Personal information
- Full name: Steven David Blaney
- Date of birth: 24 March 1977 (age 48)
- Place of birth: Orsett, England
- Height: 1.83 m (6 ft 0 in)
- Position(s): Defender

Youth career
- 1996–1997: West Ham United

Senior career*
- Years: Team / Apps / (Gls)
- 1997–1998: West Ham United / 0 / (0)
- 1998: Brentford / 5 / (0)
- 1998–1999: St Albans City / 0 / (0)
- 1999–2001: Billericay Town
- 1999: → Heybridge Swifts (loan)
- 2000: → Grays Athletic (loan)
- 2001: St Albans City / 16 / (4)
- 2001: Aveley
- 2001: → St Albans City (loan) / 3 / (1)
- 2001–2002: Braintree Town / 7 / (0)
- 2002–2003: Harlow Town
- 2003–2004: East Thurrock United
- 2004–2005: Nerja
- 2005–2006: Barking & East Ham United / 38 / (4)
- 2006: Redbridge / 2 / (0)

International career
- 1992: England Schoolboys / 5 / (0)
- 1996: Wales U21 / 3 / (0)

= Steven Blaney (footballer) =

English footballer

Steven David Blaney (born 24 March 1977) is a retired professional footballer who played as a defender. He began his career in the academy at Premier League club West Ham United and made his professional debut whilst with Brentford in 1998. Upon his release from West Ham United, Blaney embarked on a career in non-League football and as of 2014, was a tutor and coach at Harlow College. Born in England, he represented Wales U21 at international level.

==Career==

=== West Ham United ===
Blaney was discovered by Frank Lampard while playing for his district team and entered the academy at West Ham United. Blaney began his career as a right back and signed a professional contract in July 1995, but he left the Hammers in March 1998, having failed to win a call into a first team squad.

=== Brentford ===
On 27 March 1998, Blaney joined relegation-threatened Second Division club Brentford on a contract until the end of the 1997–98 season. In what remained of the season, he made five appearances and left the club when his contract expired.

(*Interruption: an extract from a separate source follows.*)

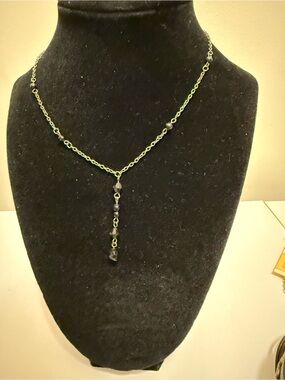 Y Necklace with Dark Faceted Beads
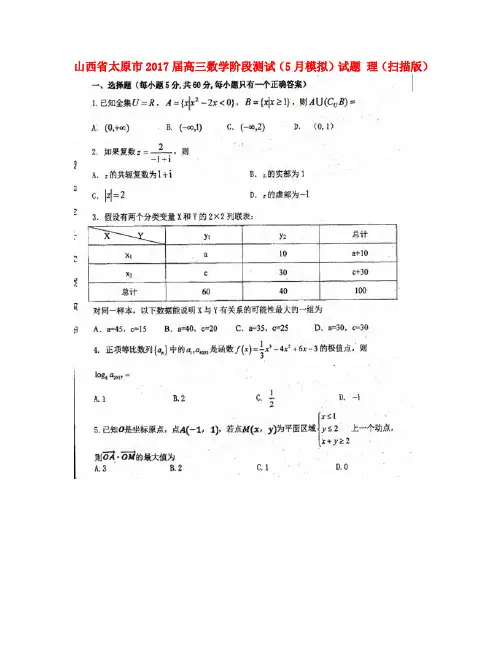 山西省太原市2017届高三数学阶段测试(5月模拟)试题 理(扫描版)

=== Non-League football ===
Between 1998 and 2006, Blaney played in the Isthmian and Southern Leagues for St Albans City (three spells), Billericay Town, Heybridge Swifts, Grays Athletic, Aveley, Braintree Town, Harlow Town, East Thurrock United, Barking & East Ham United and Redbridge. He moved to Spain to play for Regional Preferente de Málaga club Nerja during the 2004–05 season.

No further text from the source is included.